The first blow was to be struck at the earliest possible date. Even before the end of the stormy winter break, if at all feasible in early March, Agrippa would sail south more than five hundred miles to the Peloponnese, the southern half of Greece. His objective was to attack and capture the strongly defended fort of Methone. From this base he would then try to pick off Antony’s other garrisons along the Greek coast.
Two outcomes from this raid were envisaged. First, the supply line to Egypt would be cut and Antony’s soldiers and sailors would soon be short of food. The time pressure would be reversed. Second, Antony would have to send warships against Agrippa and in doing so would weaken his naval garrisons.
The next step would be for Octavian to transport his forces from Brundisium to somewhere near the Via Egnatia in the north, then to march south at once with all speed to corner Antony and prevent him from moving his army out of the confined area of Actium into central Greece, where he would be free to harass and perhaps outmaneuver Octavian.

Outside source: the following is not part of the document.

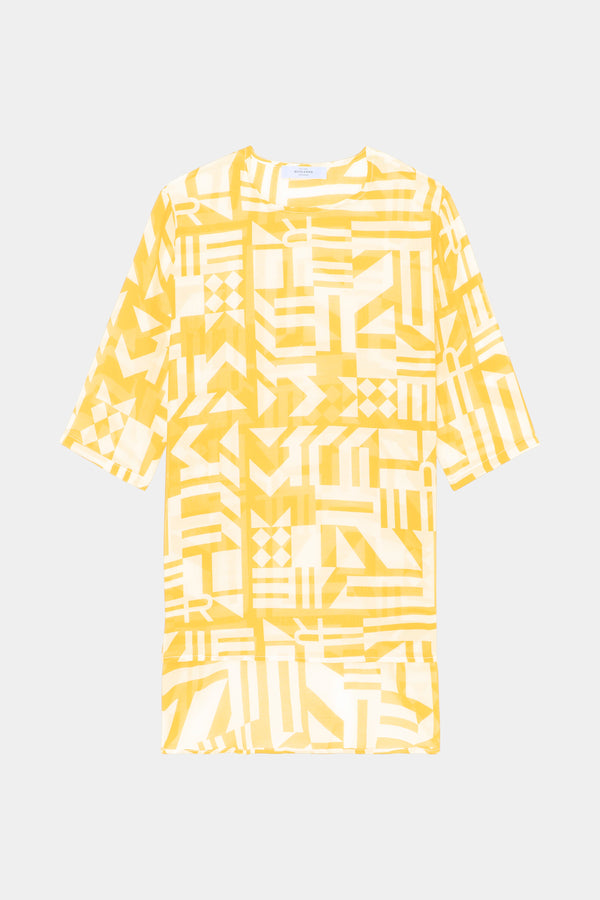 Top Martial Edith - Oro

This was a hugely daring plan, for it meant moving a fleet across open seas (presumably, if it was not to be detected it could not hug the coast) and risking the catastrophe of a Mediterranean storm. As it turned out, the enterprise was crowned with total success, although we do not have the details or the exact sequence of events. Methone fell and Octavian immediately, and without any kind of trouble from either the enemy or the weather, transferred the main part of his army across the Adriatic Sea, landing somewhere between the Via Egnatia and Corcyra—perhaps at Panormus (today’s Palermo in Albania).
The first news of these events to reach Antony and Cleopatra at their headquarters was that the enemy held a small place some miles north of Actium called Toryne, the Greek word for ladle. It was a sign of the nervousness of the high command at Patrae that the queen cracked a seriously bad joke to mask the general consternation: “What is so terrible about Caesar Octavian having got hold of a ladle?”
When Octavian arrived at Actium, he made camp on the northern promontory. He found an ideal spot, a hill today called Mikhalitzi about five miles north of the channel into the Ambracian Gulf. Four hundred feet high, it commanded good views all around. Immediately to the south lay enough flat ground for a battle, should that be called for.
The site had two disadvantages. First, it had no weatherproof harbor, only the nearby bay of Comaros, which was open to western gales even after a protective breakwater was constructed (traces of which survive). Walls were built down to the beach from the camp to guard against surprise attack by land. Second, water had to be brought in, either from the river Louros, a mile and a quarter or so to the northeast, or from a couple of springs on the southern plain.
Soon after his arrival, Octavian drew up his fleet in open water and offered battle, but the enemy, undermanned and performing poorly, wisely declined to come out of safe anchorage. Antony was having trouble recruiting oarsmen and retaining them. Plutarch claims that he was so short of men that his warship captains were “press-ganging travellers, muledrivers, reapers, and boys not yet of military age from the exhausted provinces of Greece.”
Antony arrived from Patrae in a couple of days, together with Cleopatra, who lived with him in the camp. He transported his army from Actium to the northern peninsula—this may have been at the end of April—and built a new camp facing Octavian’s. He was ready and eager for battle.
But Octavian was no longer looking for a fight, for the indispensable and indefatigable Agrippa had captured the island of Leucas, giving him a safe harbor on Antony’s doorstep and making it extremely difficult for supply ships from Egypt—which would already have run the gauntlet up the west coast of Greece—to gain entry to Actium.
This was a terrible blow. Provisions ran very short and Antony had to break the stranglehold. The longer he waited, the stronger Octavian, with safe logistical support from Italy, would become; by the same token, Antony’s position could only deteriorate. He needed to deprive the enemy of water. He took control of the springs in the plain beneath Mikhalitzi without difficulty and sent a strong force of cavalry on the long trek around the Ambracian Gulf to establish itself above the enemy camp and thereby cut off access to the Louros. But Octavian’s able general Titus Statilius Taurus launched a sudden, vigorous counterattack and drove off Antony’s horse. One of the eastern client kings took the opportunity to desert.